In this section we review the existing literature on EAD. This has been for the most limited to internal bank and trade journal studies. The earliest known study is an analysis conducted by Chase Manhattan Bank (1994), with the assistance of Oliver Wyman Mercer. Drawdowns are studied on 104 revolving credit facilities downgraded in the period 12/91-12/93. The analysis is divided into three parts: 6 month commitments (“short-term”), 1-year commitments (“long-term”) and a blend of the two (more specifically, an average for the even years). LEQs are directly estimated for facilities for which defaults are observed in the sample, for speculative ratings (BB and below). However, for investment grade commitments, the migration method is used, which extrapolates factors for better ratings from worse with less time to default using estimated cutback and drawdown rates. Estimated LEQ factors were found to increase with risk rating and tenor.

Asarnow et al (1995) analyze utilization patterns, on a monthly basis for revolving commitments in the period 1/87-12/93, for companies having an S&P rating history. Results by subgrade are not statistically meaningful due to thin data. Utilization rates by rating are computed for 84 months and averaged by rating category. An unpublished version of this study analyzed empirical LEQs based upon subset of 50 facilities downgraded to BB/B or worse in the 1991-1993 period.[5] LEQs are extrapolated to the better risk grades due to lack of investment grade downgrades, and not averaged across facilities, but across quarterly total used and unused for each rating category.

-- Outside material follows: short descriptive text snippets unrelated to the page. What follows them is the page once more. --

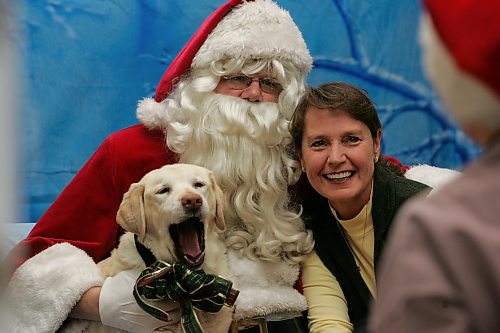 BORIS MINKEVICH / WINNIPEG FREE PRESS  071118 Santa, played here by Doug Speirs, poses with 12  year old yellow lab Cedar and her  owner Lois Melville. The photographer with his back facing the camera is Frank Adam.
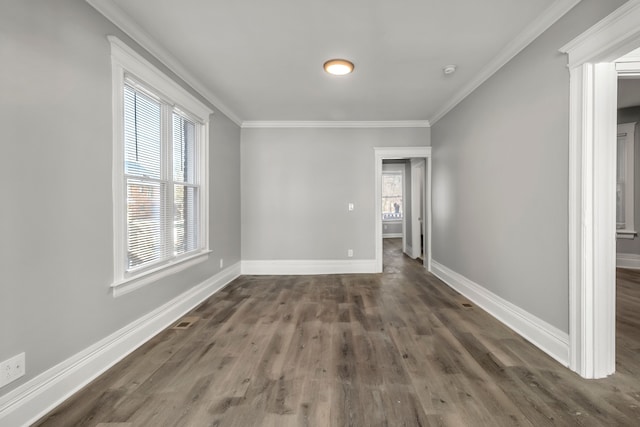 spare room with crown molding and dark wood-type flooring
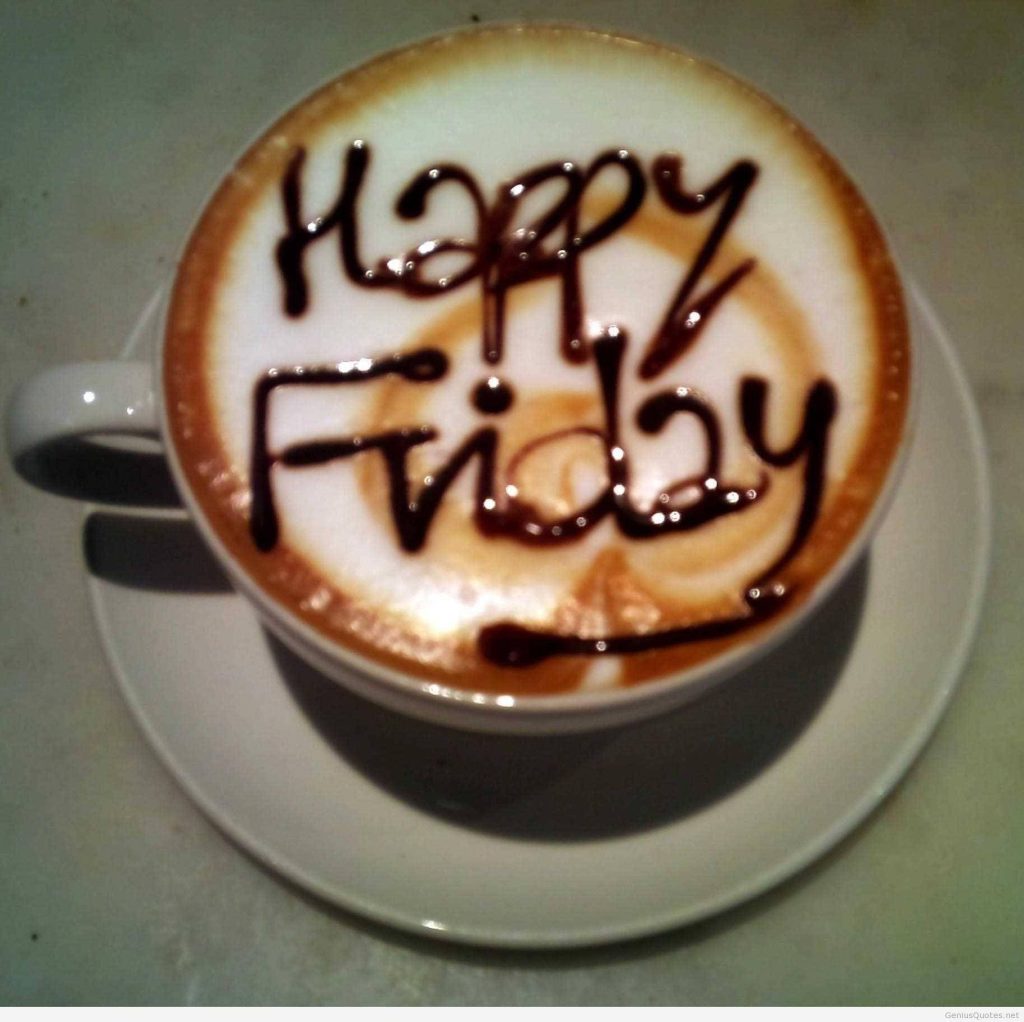 Top-down cappuccino with Happy Friday chocolate syrup art on foam cozy coffee cup wallpaper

Unlike the Chase study, estimated LEQs are found to decrease with increasing credit quality.

Araten et al (2001) study direct estimates of LEQ factors for 1,021 observations (408 facilities of 399 borrowers) at a quarterly frequency in the period 1Q95-4Q00. Given the set of all revolving commitments and advised lines eventually having facility grades rated (accruing) substandard or worse[6], they track the rating history and usage.[7] The sampling methodology involves stepping back in time from the point of default, calculating the LEQ as change in usage to default relative to unused at a given point in time, at either 1 year intervals or at the time of a grade change.[8] The main result of this analysis is estimated LEQs increasing with time-to-default and with diminished credit risk (i.e., better risk grades.) A pronounced increase in estimated LEQs with tenor was found, with one and five year revolving credits having averages of 32% and 72%, respectively. The decrease in LEQ by grade (worsening credit quality) was found to be milder: 62% for BBB and better, 48% for BBB- to B+, and 27% for B and worse. The overall average is 43.4%, with relatively high 41.4% standard deviation, and a “Barbell” shaped distribution with significant point masses at 0% & 100%. The latter distributional feature is largely an artifact of the truncation of the LEQ estimates, as calculated LEQs greater (less) than 100% (0%) were capped (floored) at 100% (0%). There is a lack of statistical differentiation by other demographics: lending organization, commitment type or size, geography or industry. LEQs are found to decrease with percent usage, but this is highly correlated with risk rating. However, lower LEQs are found for Advised Lines – 17% for one year, but having a similar pattern by grade and time-default. The array of statistical and conceptual issues encountered in this study include outliers, high volatility (on the order of the mean), lack of statistical significance by risk drivers, paucity of data at the investment grade, default definition, sensitivity of estimates to small unused, non-normality, judgmental recoding and data management.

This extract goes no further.